=== Section Start ===

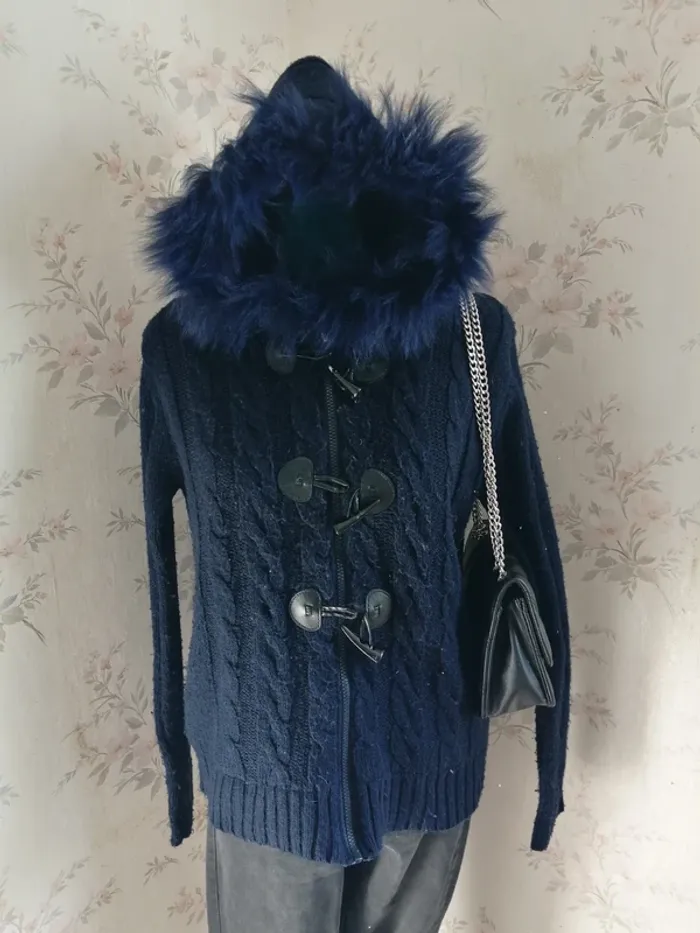 Veste à capuche bleu marine tressée et fourrée / M S fashion / (TU)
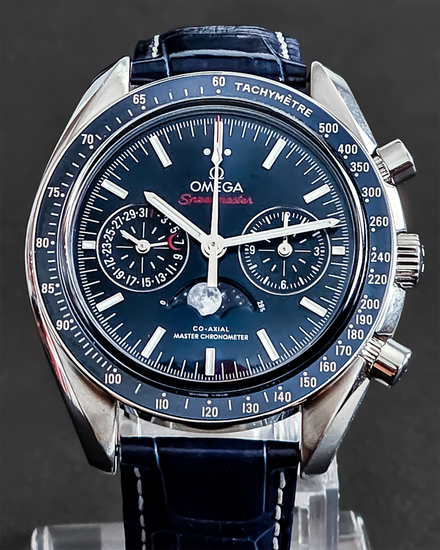 2020 Omega Speedmaster Moonphase 44.25MM Blue Dial Leather Strap (304.33.44.52.03.001)
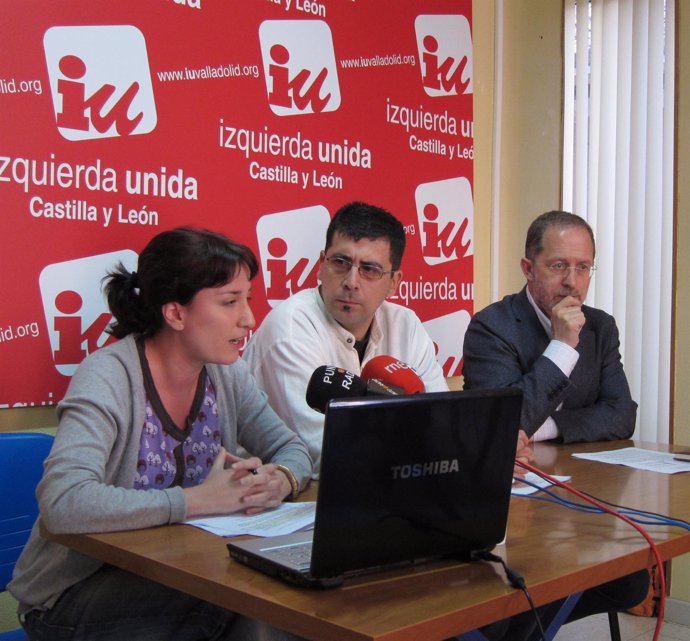 Los Candidatos De IU Valladolid María Sánchez, Alberto Bustos Y Manuel Saravia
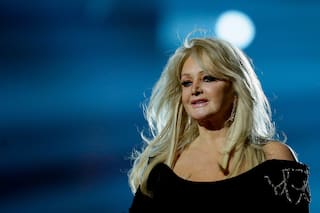 Catherine Zeta-Jones, Rod Stewart, Bryan Adams y más lamentan la muerte de Bonnie Tyler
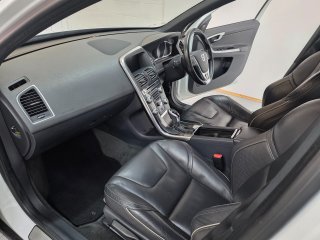 /photos/9695/47615580-709e-1f7c-fc59-1ada5e5d36d3_i320x240.jpg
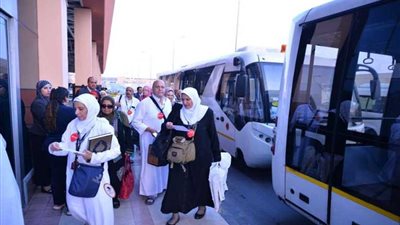 مصر للطيران تسير غداً 24 رحلة جوية لنقل 5360 حاجاً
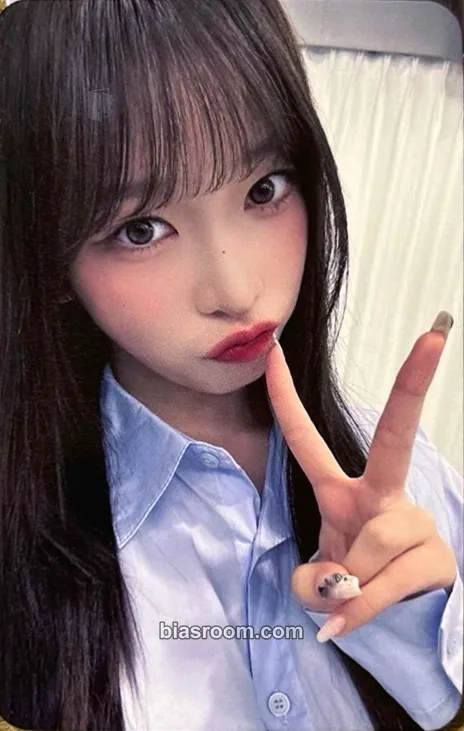 Haruna The 1st Fan-Con 'Your B, I'm B (Belllie've you)' Photocard - Billlie - Billlie K-pop photocard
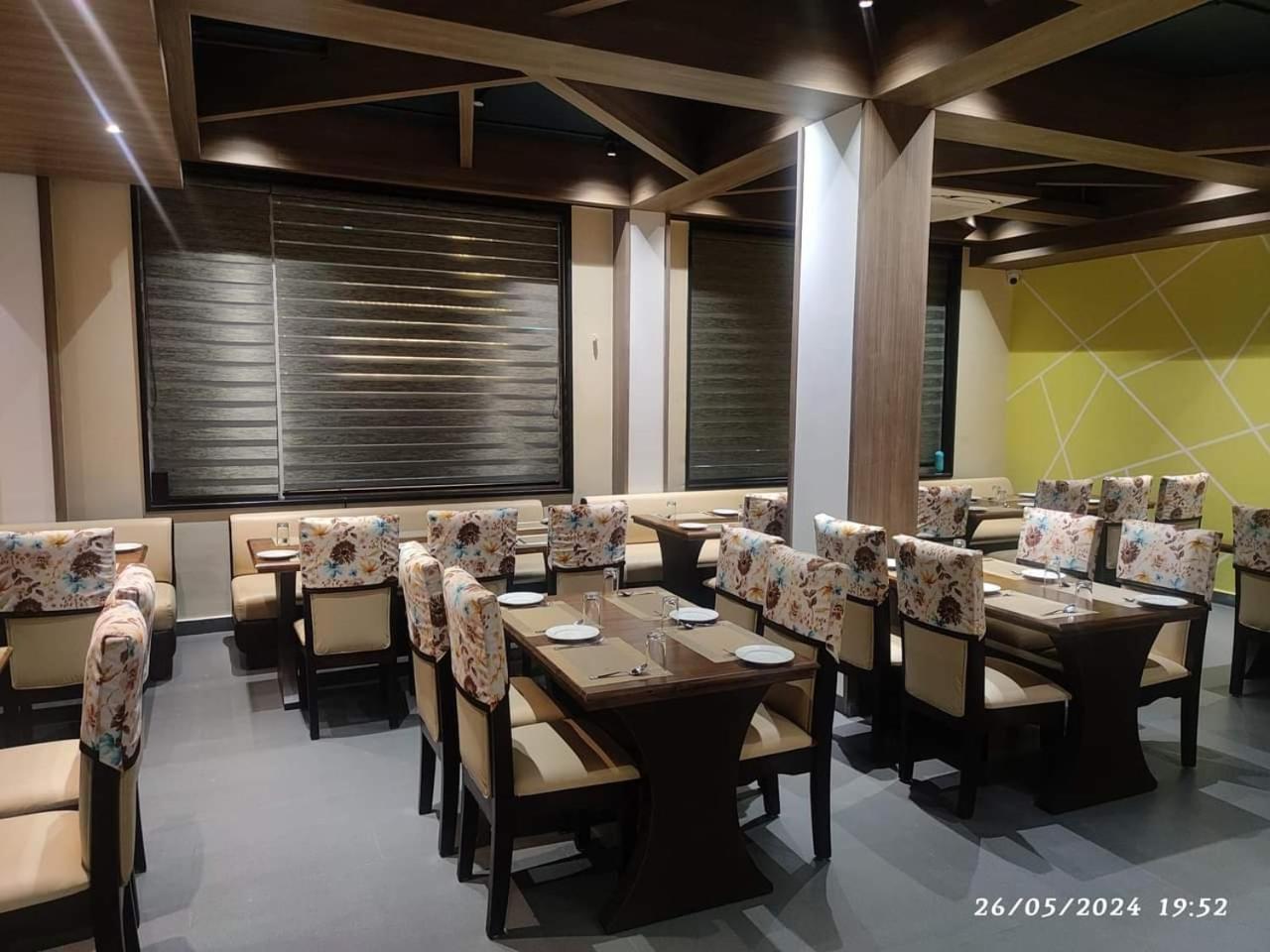 Rs Regal Inn-เดฟการ์ ภายนอก รูปภาพ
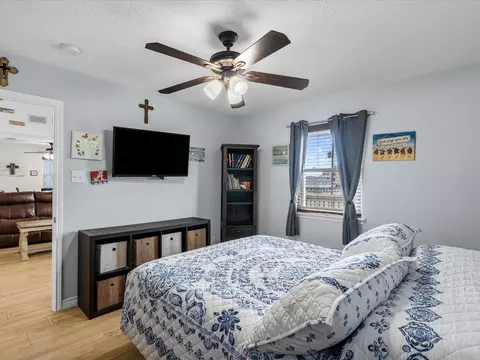 Bedroom - 85 Santar Loop, Surfside Beach, TX 77541 photo 5 of 5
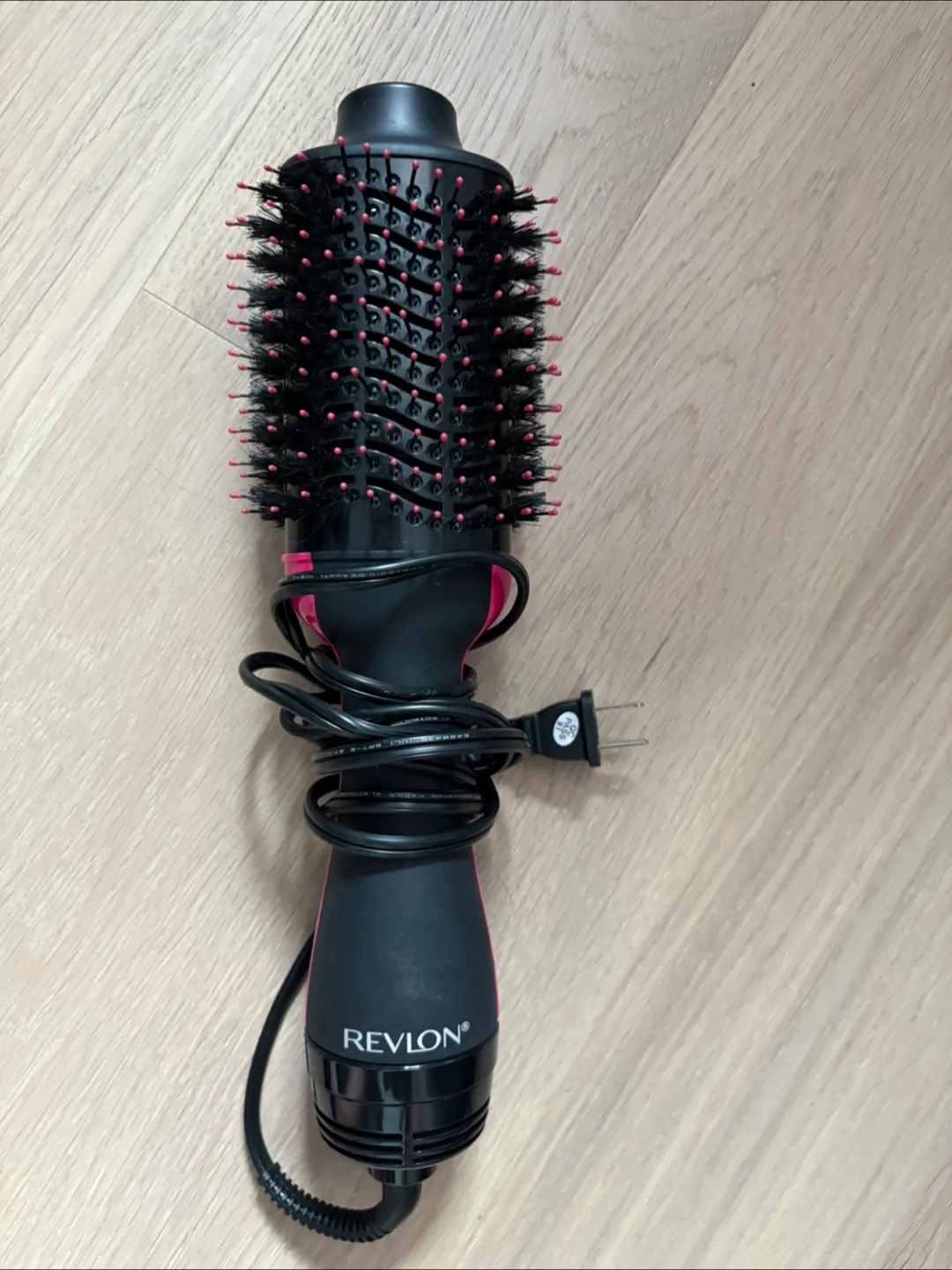 Brush hair dryer thumbnail
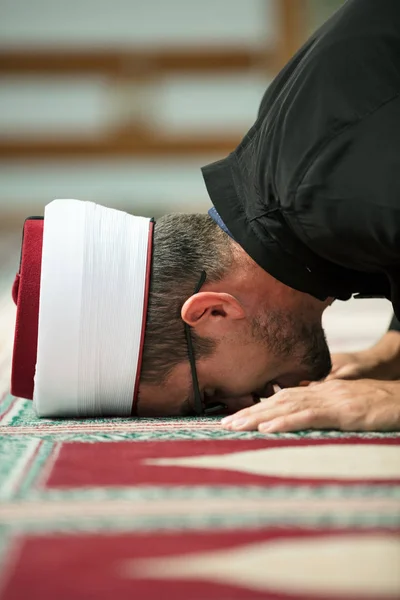 Fiatal Imam imádkozott gyönyörű mecset belseje — Stock Fotó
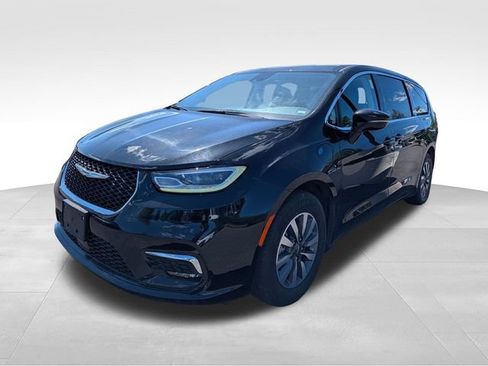 Used 2024 Chrysler Pacifica Limited FWD image 3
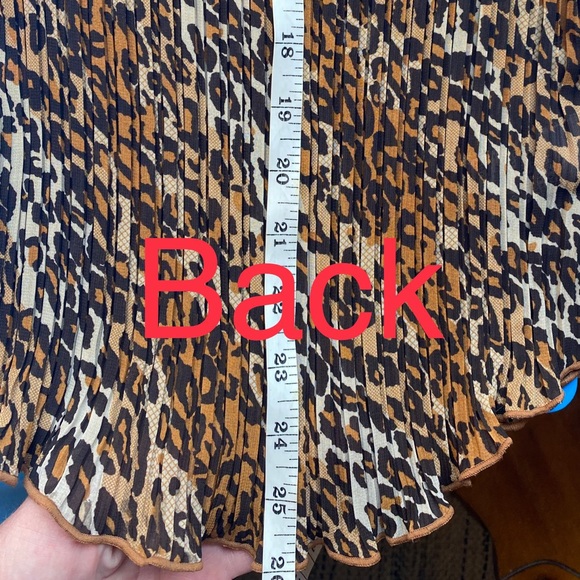 Vintage 80s S Black Faux Feather Neck Trim Crinkle Animal Print Sleeveless.Top - Picture 14 of 16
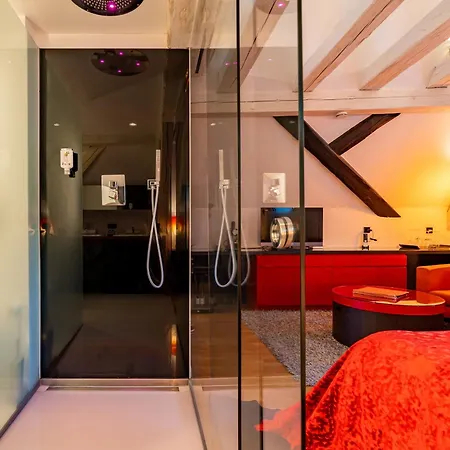 فندق مبيت وإفطار Le B. Suites, & Restaurant ريكفيهر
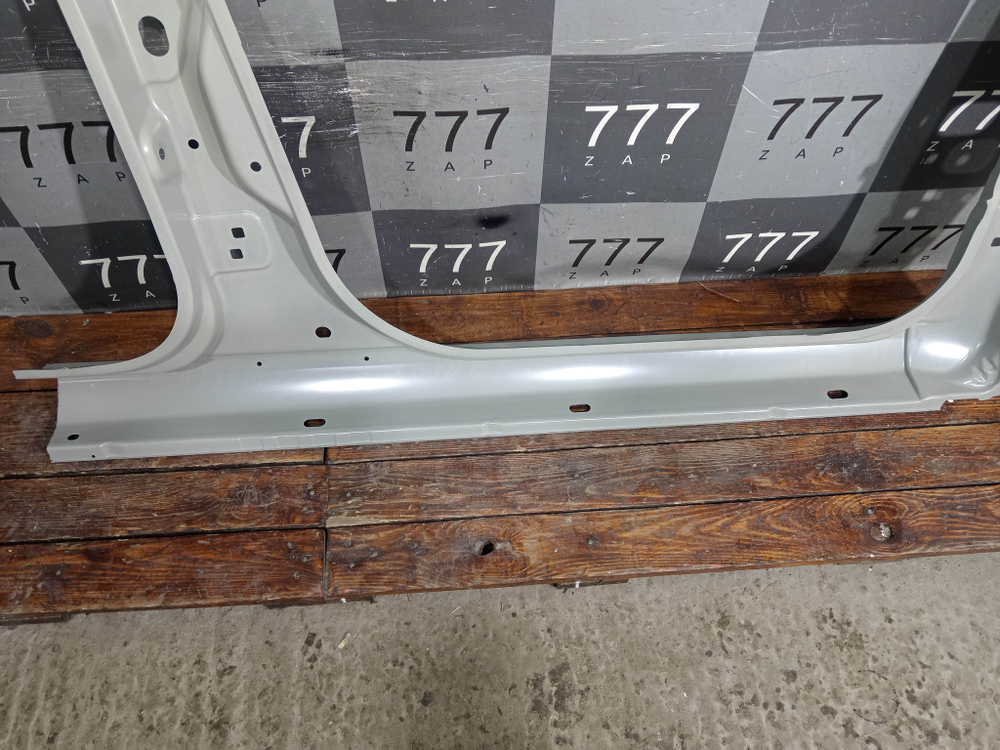 Боковина левая LADA Vesta 15-нв Новая Оригинал 8450039441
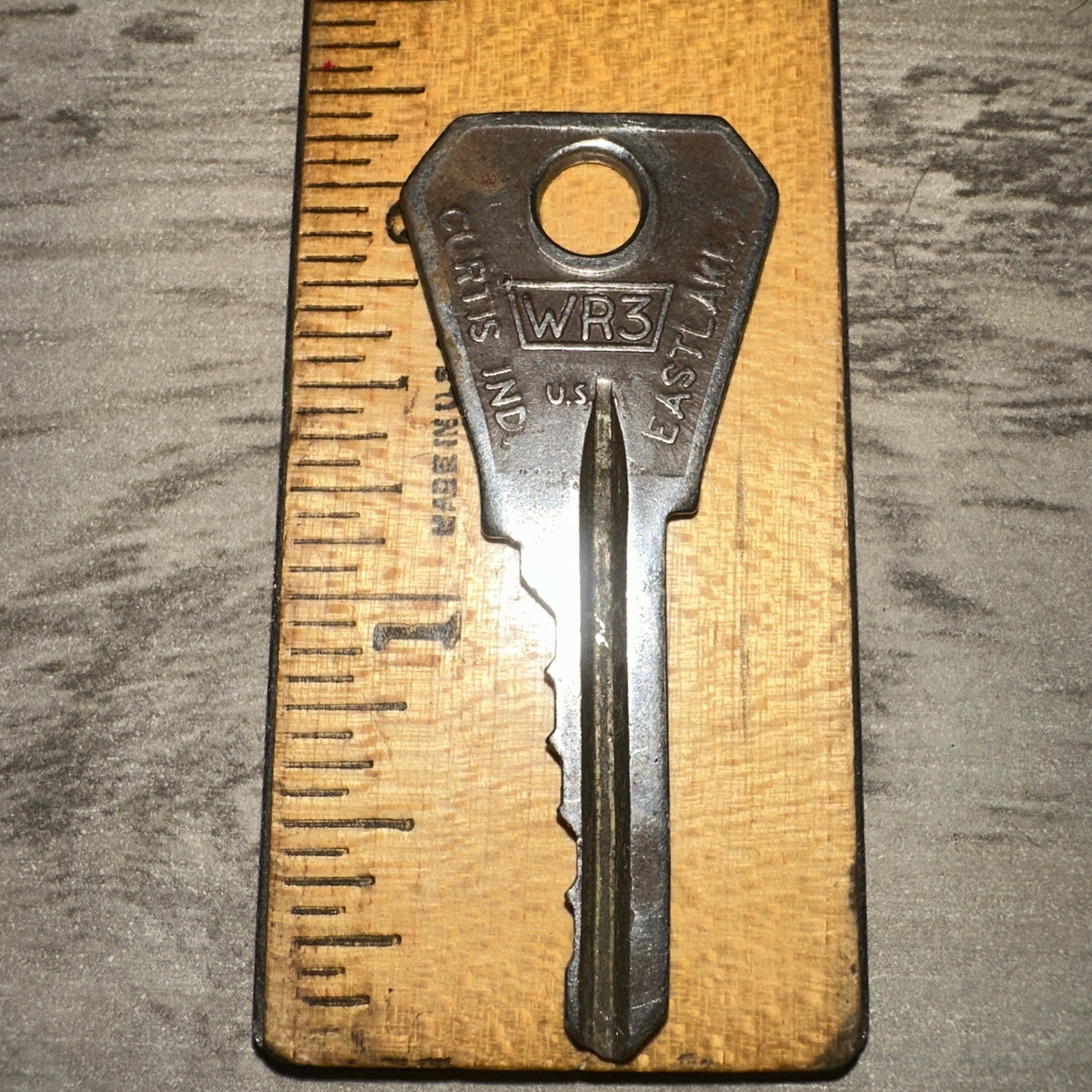 Vintage Curtis inc. Key #WR3 Eastlake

=== Section End ===

→ What the task asks
Output the data exactly. Pictures don't belong in the result.

→ Result of the task
 Veste à capuche bleu marine tressée et fourrée / M S fashion / (TU)
 2020 Omega Speedmaster Moonphase 44.25MM Blue Dial Leather Strap (304.33.44.52.03.001)
 Los Candidatos De IU Valladolid María Sánchez, Alberto Bustos Y Manuel Saravia
 Catherine Zeta-Jones, Rod Stewart, Bryan Adams y más lamentan la muerte de Bonnie Tyler
 /photos/9695/47615580-709e-1f7c-fc59-1ada5e5d36d3_i320x240.jpg
 مصر للطيران تسير غداً 24 رحلة جوية لنقل 5360 حاجاً
 Haruna The 1st Fan-Con 'Your B, I'm B (Belllie've you)' Photocard - Billlie - Billlie K-pop photocard
 Rs Regal Inn-เดฟการ์ ภายนอก รูปภาพ
 Bedroom - 85 Santar Loop, Surfside Beach, TX 77541 photo 5 of 5
 Brush hair dryer thumbnail
 Fiatal Imam imádkozott gyönyörű mecset belseje — Stock Fotó
 Used 2024 Chrysler Pacifica Limited FWD image 3
 Vintage 80s S Black Faux Feather Neck Trim Crinkle Animal Print Sleeveless.Top - Picture 14 of 16
 فندق مبيت وإفطار Le B. Suites, & Restaurant ريكفيهر
 Боковина левая LADA Vesta 15-нв Новая Оригинал 8450039441
 Vintage Curtis inc. Key #WR3 Eastlake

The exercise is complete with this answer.